(Short descriptive text snippets)
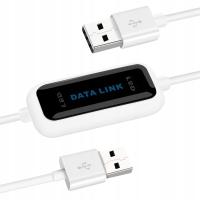 KABEL DO TRANSMISJI DANYCH High-Speed USB 2.0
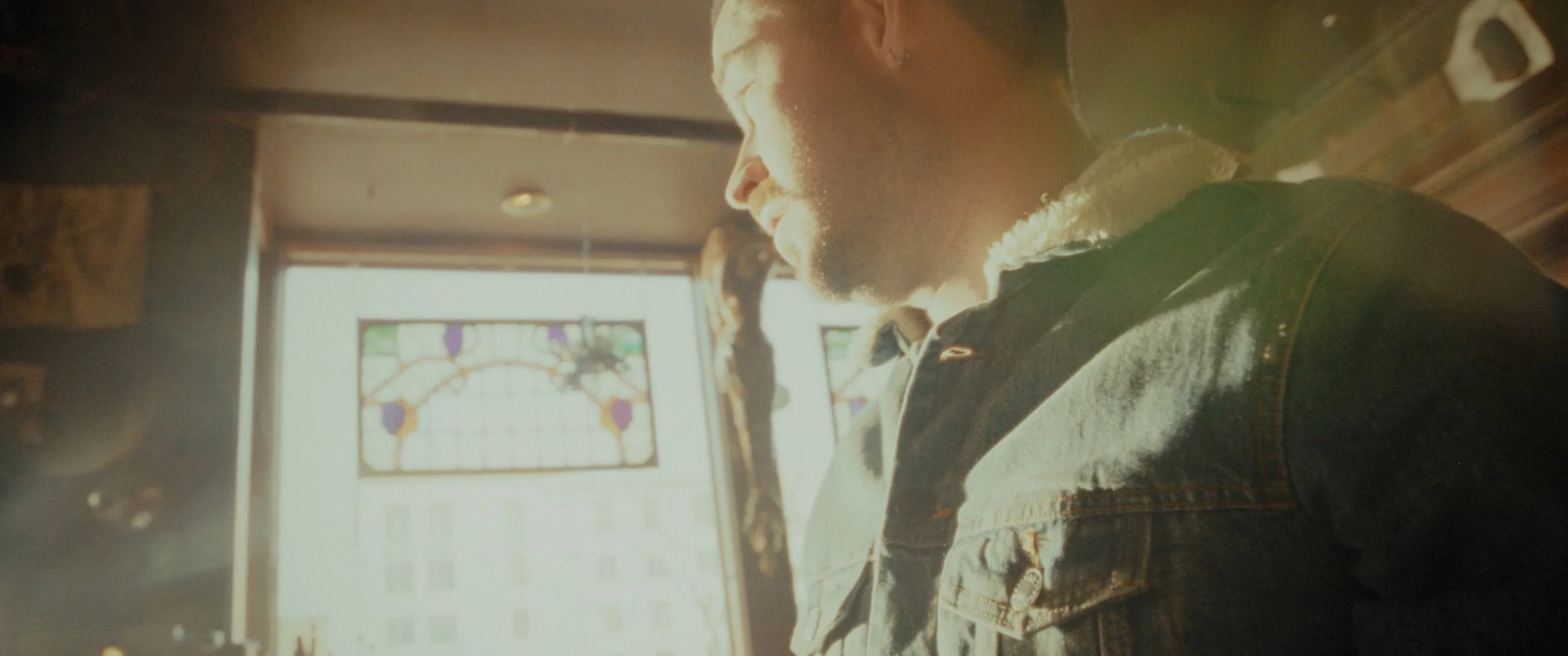 Still 2025-11-12 211223_1.3.18.jpg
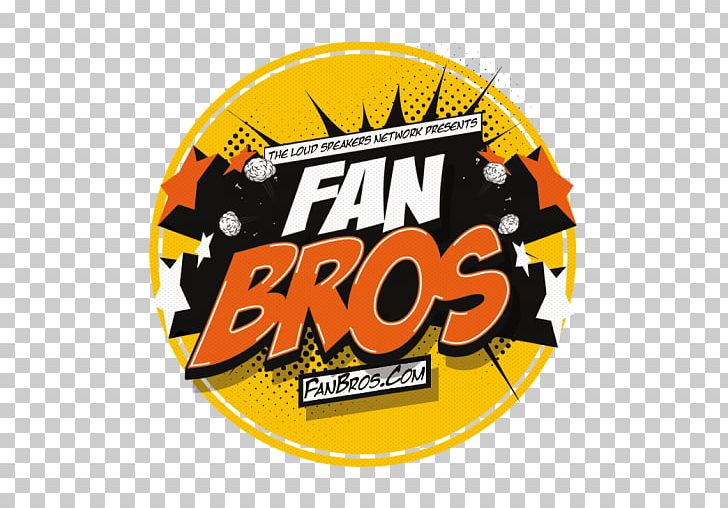 YouTube Television Show Podcast FanBrosShow PNG, Clipart, Acast, Brand, Comics, Episode, Label Free PNG Download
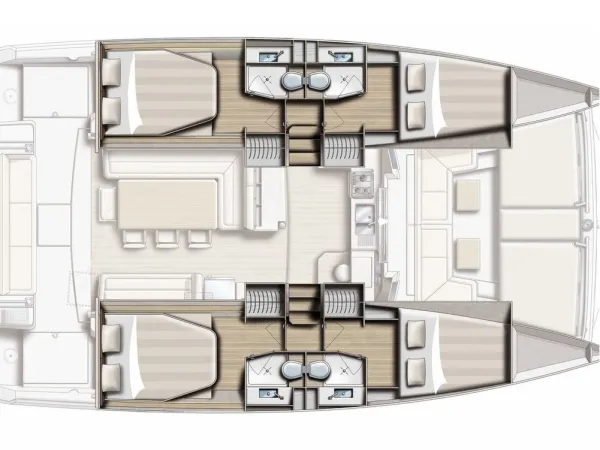 Plan image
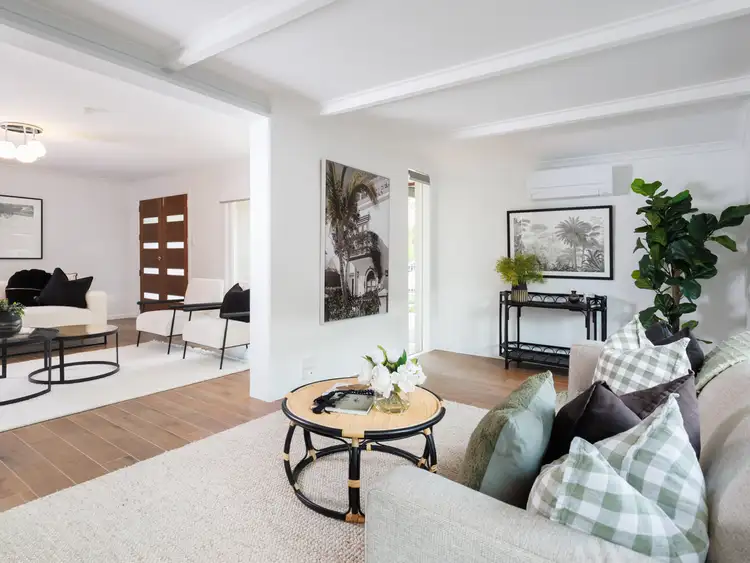 Sixth view of Homely house listing, 43 Dobell Street, Indooroopilly QLD 4068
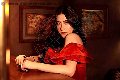 Foto Ilary Schmmidt Escort Belluno 353 3056527 - 3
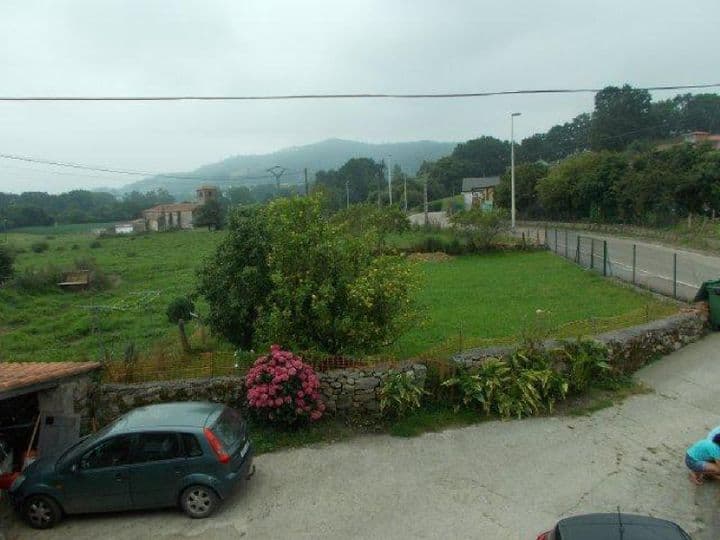 4 bedrooms house for sale in Cantabria, Spain - Image 8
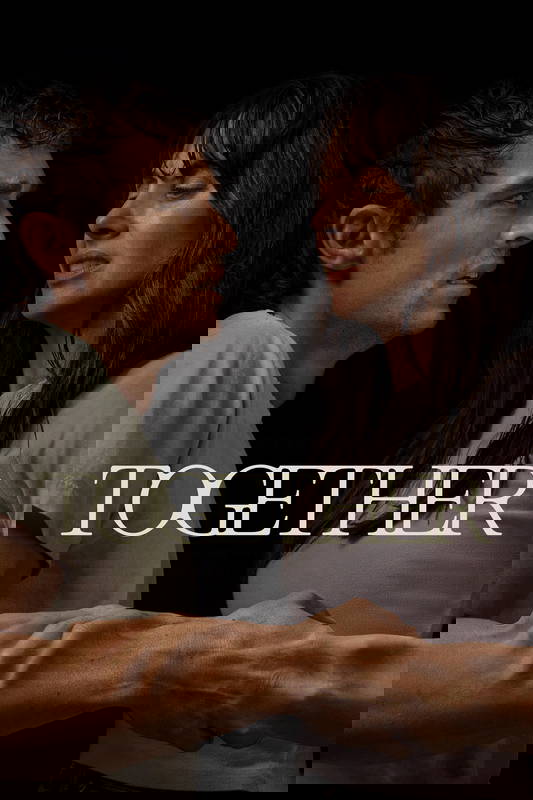 Together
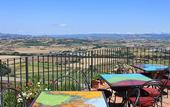 Туры в отель Relais La Corte Di Bettona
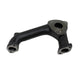 37781251 Manifold Fits Massey Ferguson
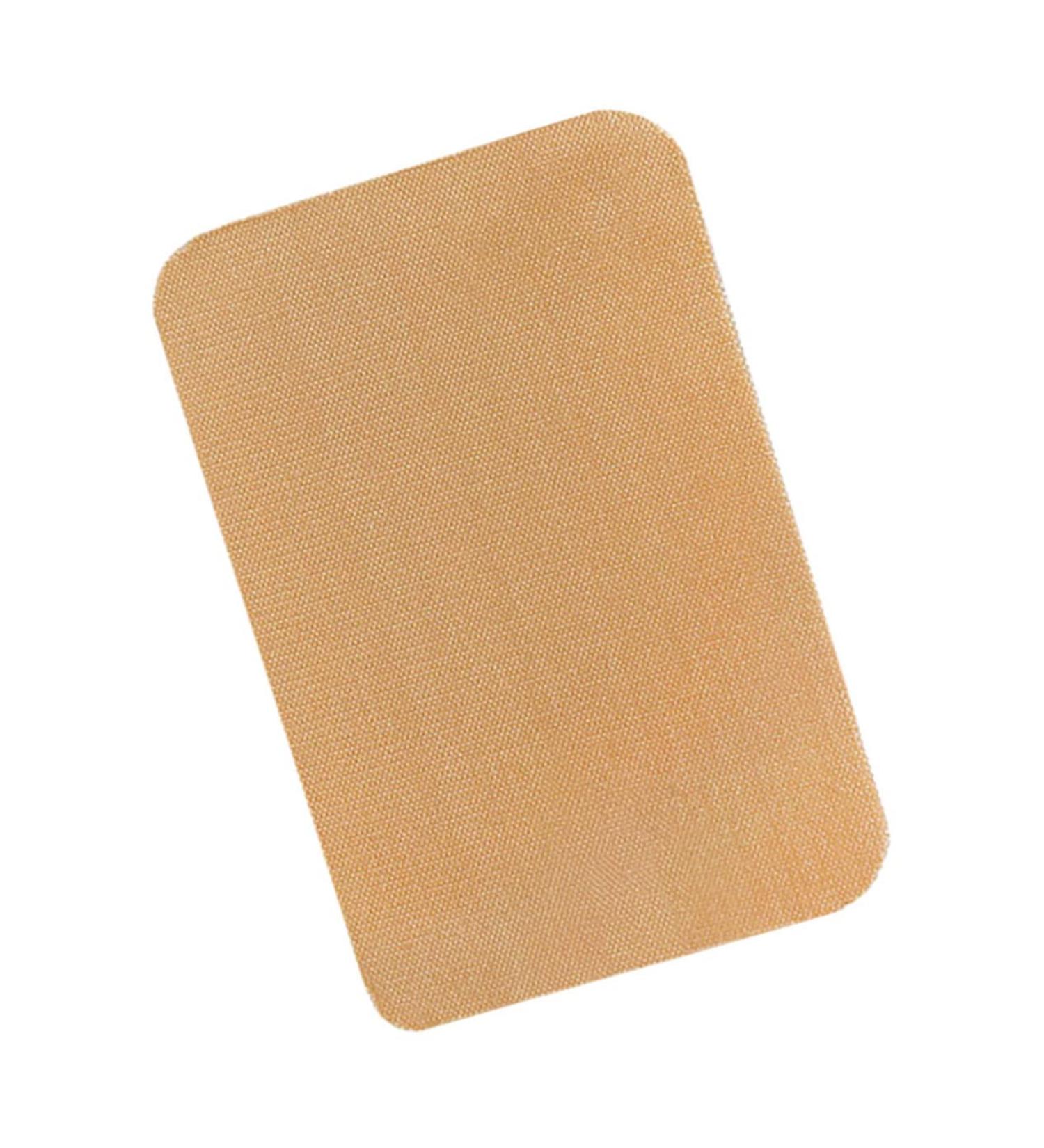 FOMIYES Silicone Scar Patches - Waterproof Scar Bandages for Wound Care and Flaw Cover - Buy Online on SooperMarket.com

• _Aim of the task_
Would you transcribe, exactly and only, the lines from the one that contains "37781251 Manifold Fits Massey Ferguson" through the last line of the data above, without any pictures?

• _Answer box_
 37781251 Manifold Fits Massey Ferguson
 FOMIYES Silicone Scar Patches - Waterproof Scar Bandages for Wound Care and Flaw Cover - Buy Online on SooperMarket.com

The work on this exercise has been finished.